Na encíclica Dilexit nos, sobre o amor humano e divino do Coração de Jesus Cristo, publicado em 24 de outubro de 2024, o Papa Francisco quis comemorar os trezentos e cinquenta anos desde as primeiras aparições de Jesus a Santa Margarida Maria Alacoque, ocorridas em 1675; nelas, Cristo apontou para o seu Coração com a mão e a convidou a promover o seu culto. Segundo o Papa, o coração é o centro da pessoa e é no coração (e não na mente) que as pessoas sentem e amam. Esta declaração de Francisco encontra eco nas palavras de Dom Guanella na opereta No mês do fervor (1884) sobre a devoção ao Sagrado Coração: "A vida do coração do homem é a vida do homem inteiro. Jesus coloca Seu próprio Coração pulsante diante de você para que, olhando para ele, você se comova.

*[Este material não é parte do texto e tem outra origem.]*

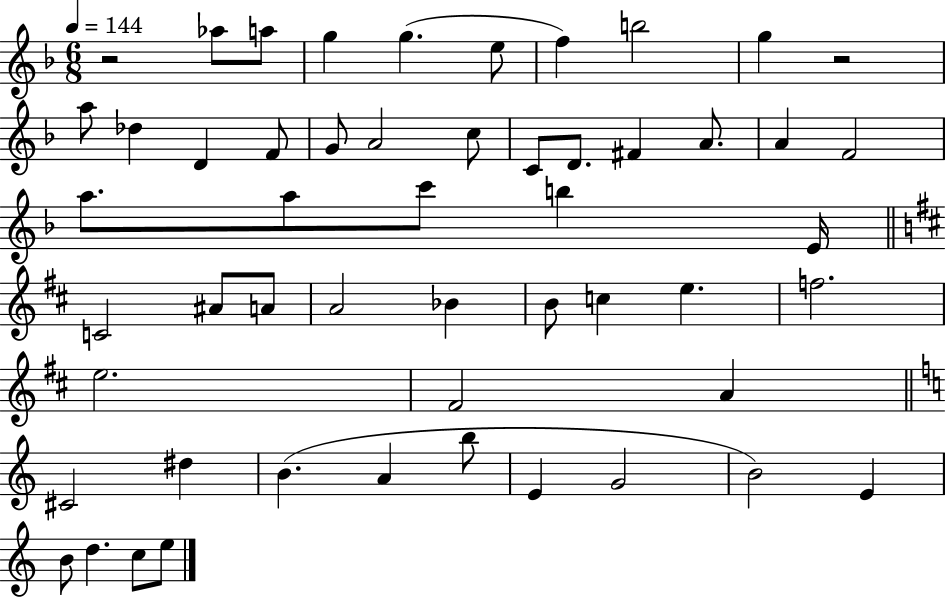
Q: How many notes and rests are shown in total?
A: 53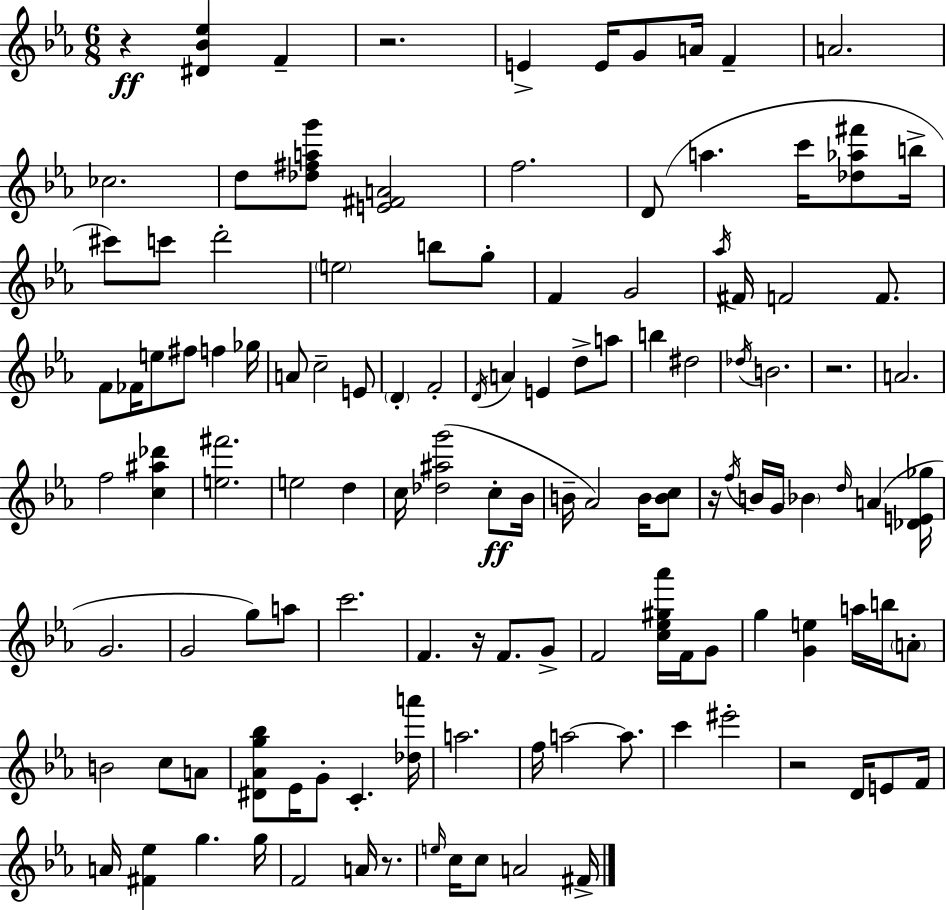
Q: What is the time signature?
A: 6/8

Jesus abre Seu lado para você para que, entrando em Seu Coração, você possa viver Sua vida e aprender a salvar a si mesmo e aos outros."

A Encíclica do Papa Francisco também nos convida a renovar nossa devoção autêntica, recordando que no Coração de Cristo "encontramos todo o Evangelho" (n. 89). Até mesmo Dom Guanella, na obra citada, acrescenta a cada uma das meditações uma citação da Sagrada Escritura "adequada para mostrar a ternura daquele Coração divino". E é em Seu Coração que "finalmente nos reconhecemos e aprendemos a amar" (n. 30), para compreender como o Senhor fala através das emoções interiores. Se não há contato direto, se não há percepção do amor, se não há conhecimento interior do Senhor para amá-Lo e segui-Lo, não pode haver sequer uma verdadeira conversão.

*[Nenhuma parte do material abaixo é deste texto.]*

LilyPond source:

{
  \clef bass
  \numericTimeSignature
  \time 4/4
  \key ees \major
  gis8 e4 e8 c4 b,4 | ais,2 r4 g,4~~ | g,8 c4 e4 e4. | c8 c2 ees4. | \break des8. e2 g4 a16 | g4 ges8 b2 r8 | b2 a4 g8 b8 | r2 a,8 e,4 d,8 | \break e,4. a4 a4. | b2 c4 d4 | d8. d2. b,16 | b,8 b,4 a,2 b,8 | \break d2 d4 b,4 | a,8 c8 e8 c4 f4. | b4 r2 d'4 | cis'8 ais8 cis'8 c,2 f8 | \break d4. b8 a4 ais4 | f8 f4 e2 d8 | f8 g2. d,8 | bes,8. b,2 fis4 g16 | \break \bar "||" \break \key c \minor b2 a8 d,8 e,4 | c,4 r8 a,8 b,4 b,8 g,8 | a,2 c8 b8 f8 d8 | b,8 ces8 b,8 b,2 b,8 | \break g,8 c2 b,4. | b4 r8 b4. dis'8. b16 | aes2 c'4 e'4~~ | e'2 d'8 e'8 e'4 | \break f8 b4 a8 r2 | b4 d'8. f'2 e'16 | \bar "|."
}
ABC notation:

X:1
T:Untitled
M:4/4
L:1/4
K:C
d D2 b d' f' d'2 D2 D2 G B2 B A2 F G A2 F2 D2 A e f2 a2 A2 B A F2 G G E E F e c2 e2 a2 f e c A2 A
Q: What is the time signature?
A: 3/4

Segundo Dom Guanella, a manifestação mais evidente da paternidade de Deus encontra sua expressão concreta no Coração de Cristo, que encarna e torna humano e divino o amor paterno de Deus. Portanto, o "Coração de Jesus é o coração do Pai". E consagrar-se ao Coração de Jesus é "voltar o olhar para Jesus, apoiar-se à direita de Jesus", que está presente e se entrega totalmente na Eucaristia: "Nosso altar do Sagrado Coração é o empório da caridade divina, daquela caridade divina que está toda na hóstia sagrada, em Jesus sacramentado, que está lá dentro, naquela casinha do sacrário. Ali está real e substancialmente o Coração Eucarístico e, com o Coração, o sangue, o rosto, a pessoa adorável do Redentor comum e de Nosso Senhor Jesus Cristo" (de um manuscrito de 1892). Quem se alimenta da Eucaristia vive todas as atitudes de Jesus em relação ao Pai e aos irmãos: gratidão e ação de graças, louvor a Deus e reparação pelos pecados, fazendo-se tudo para todos a ponto de se dar como alimento às pessoas que amamos, até o ponto de lavar os pés em atitude de humildade e contemplação diante do pobre, que também se identifica com Jesus.